*Problem description*. Please transcribe only the lines that run from the line bearing "Pumpkins, full frame" to the end of the entries, keeping both end lines. Skip the pictures.

*Task input*.
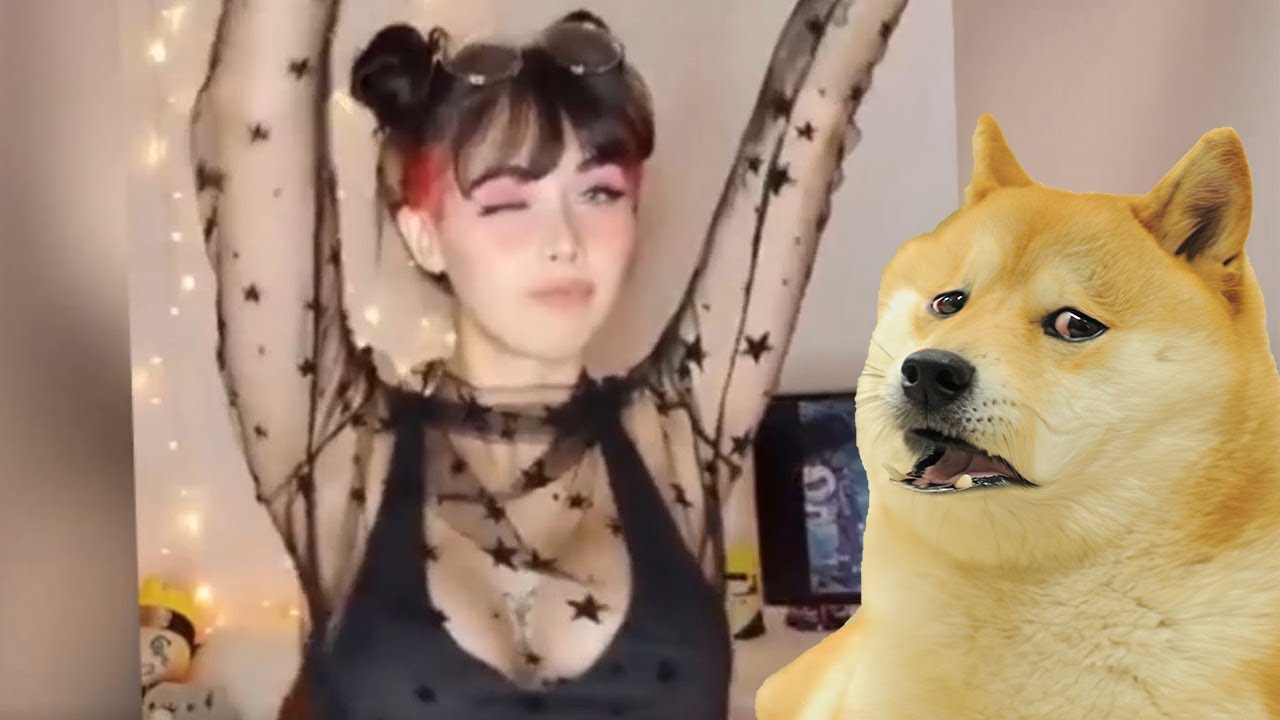 Doge Wants To Be Happy Not Horny Youtube
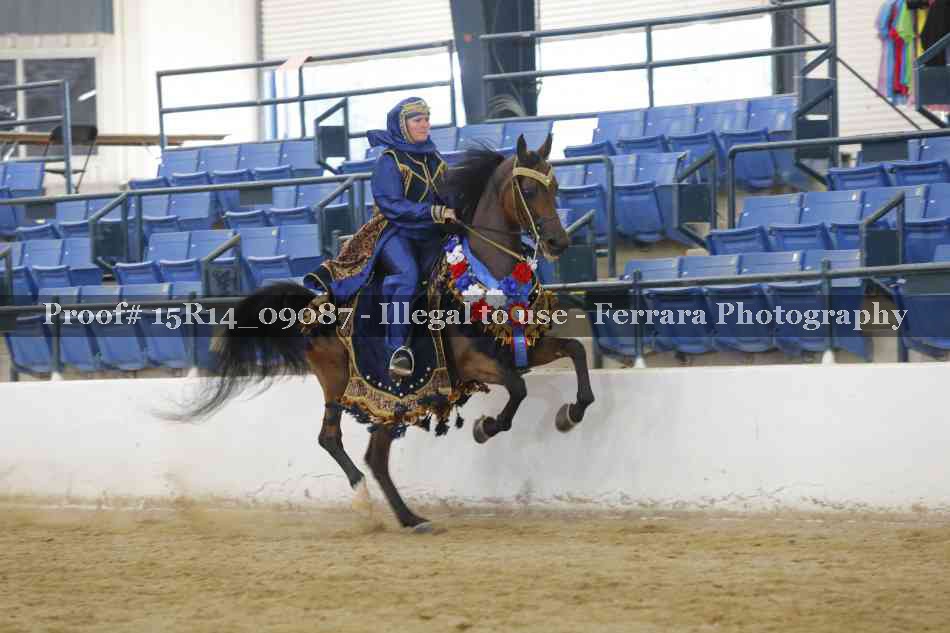 Proof Number 15R14_09087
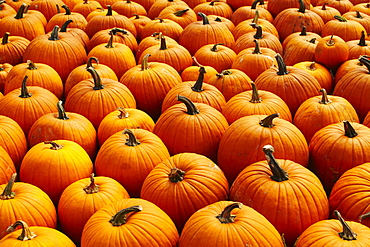 Pumpkins, full frame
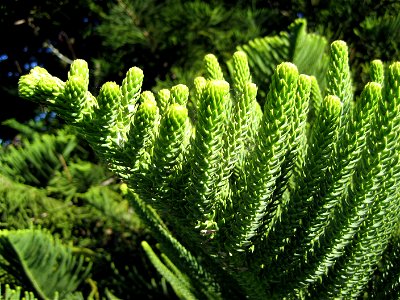 Araucaria heterophylla (Norfolk Island Araucaria), foliage from a mature specimen, Auckland, New Zealand. Taken at Monte Cecilia Park, Hillsborough, Auckland.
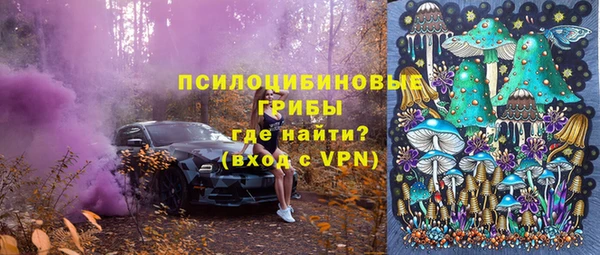 2c-b Белокуриха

*Result*.
 Pumpkins, full frame
 Araucaria heterophylla (Norfolk Island Araucaria), foliage from a mature specimen, Auckland, New Zealand. Taken at Monte Cecilia Park, Hillsborough, Auckland.
 2c-b Белокуриха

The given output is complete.